Design is somewhat similar to git, with the idea for chunked storage taken from content defined chunking backup tools like borg and restic. (The idea for a tree of chunks was taken from bup)
-
Data robustness.
It should never lose your data. Even when it doesn't work.
Good checks for corrupt repos are important here. We don't have a fsck at the moment, but it would not be hard to write one that iterates through all objects, checking that they're well-formed CBOR and point to valid keys.
-
Reliability
It should always work. When it doesn't, see point 1.
-
Long-lasting
Have an upgrade path in place for anything that might need upgrading. (See: hash-encoding.txt)
Much like git, the core data store is currently just a content-addressable store. Currently, that's implemented as a SQLite database with a few tables. Other data storage methods are easy to add, and there is a somewhat functional sled backend.

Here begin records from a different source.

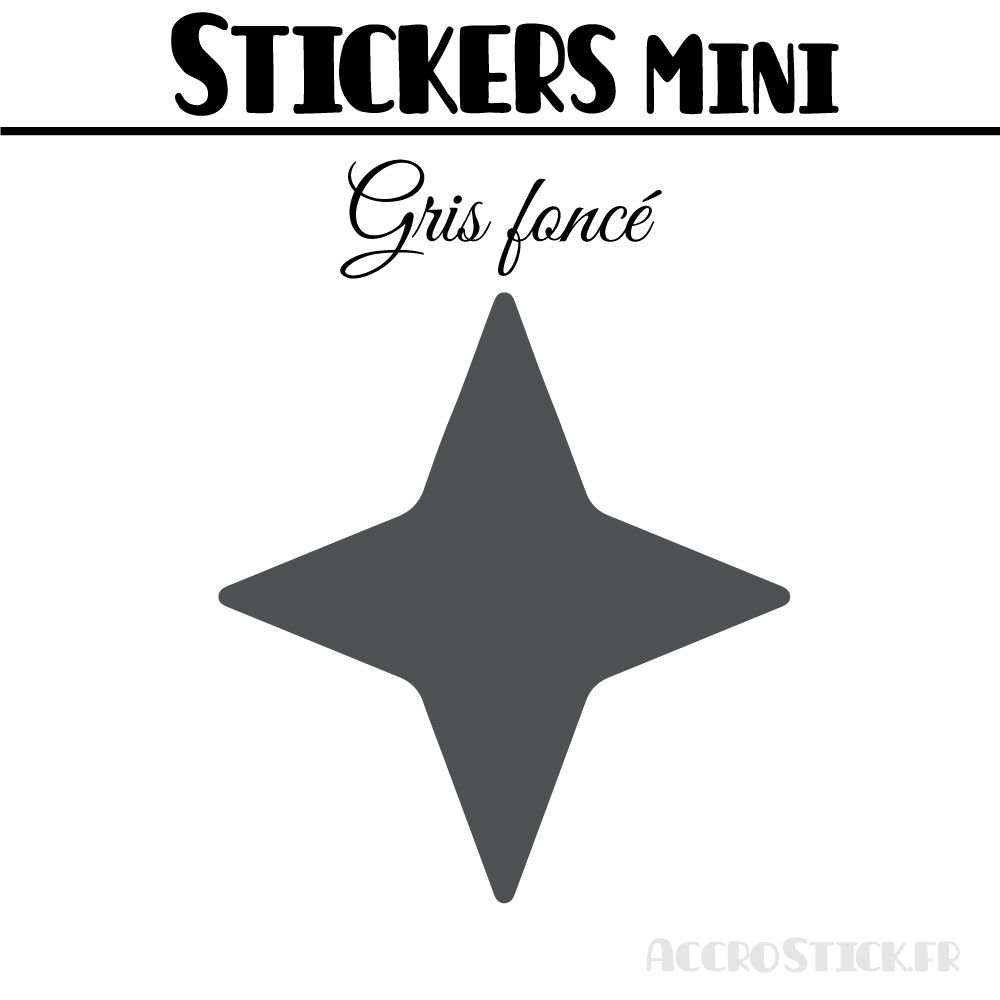 160 Etoiles 1,8 cm - Stickers mini gommettes 160 Etoiles 1,8 cm - Stickers mini gommettes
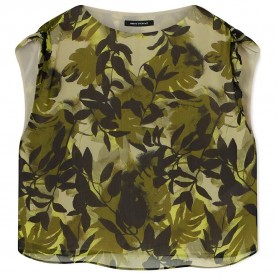 Armani exchange XW002302_AF21554 Top - Green (Ibiza Ax Print) дамски,топове,armani,exchange,xw002302,af21554,top,green,(ibiza,ax,print)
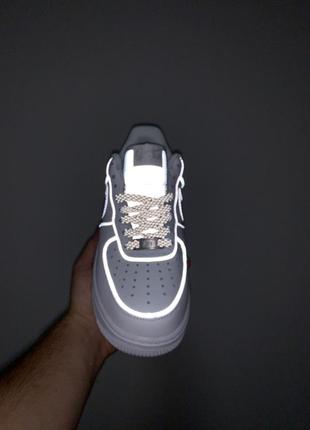 Кроссовки nike air force 1 reflective кросівки4 фото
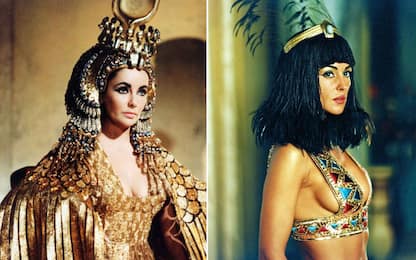 Cleopatra, regina anche al cinema. FOTO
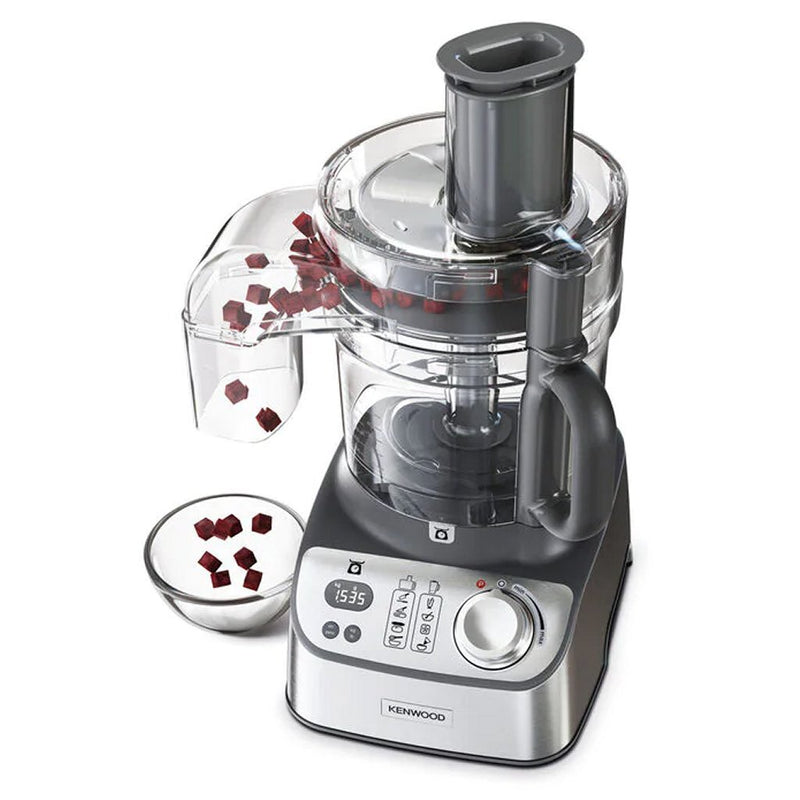 Kenwood FDM71.960SS Express Weigh+ MultiPro Foodprocessor RVS/Grijs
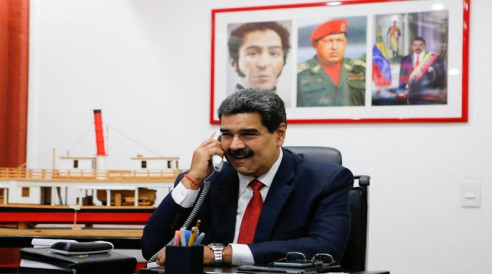 Maduro y su homólogo iraní acuerdan fortalecer cooperación entre ambos países Venezuela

Every object stored is CBOR encoded with 3 fields, data
, for a series of bytes, keys
, for a
series of keys that this object depends on, and objtype
, a string to identify the type of the
object. keys
is separate from data so a garbage collector doesn't need to understand every object
type in order to know what it can depend on. The order of keys in keys
can be depended on to be
stable.
The encoded object is then hashed with Blake3B, and put into the database.
A file.blob
is an arbitrary chunk of bytes. Usually around 8k long in the current implementation.
A file.blobtree
is an object that points to a number of either blobs, or blobtrees. (At the moment, it
will definitely point to only one of those types, but this may not be guaranteed in the future. The
reader supports mixed blobs and blobtrees as children of a blobtree.
A dir.FSItem.file
is a file. It gives a name and size to a blob.
A dir.FSItem.dir
is a directory. It has files and directories. Children names are stored in the
data section (CBOR encoded, along with other metadata), and they directly correspond to child keys.
A commit.commit
is a commit.
It has a list of parents (Can be empty for a root), a tree, and a HashMap<String, String> for misc attributes. Like commit message. Or author name. At the moment this is always empty
cargo run
will print help.
cargo run init
will initalise the database in the current directory (much like git init
). It
can be found in .snapcd/snapcd.db
.
cargo run insert <path>
is how you insert a path. It will print out a key for the item it just entered.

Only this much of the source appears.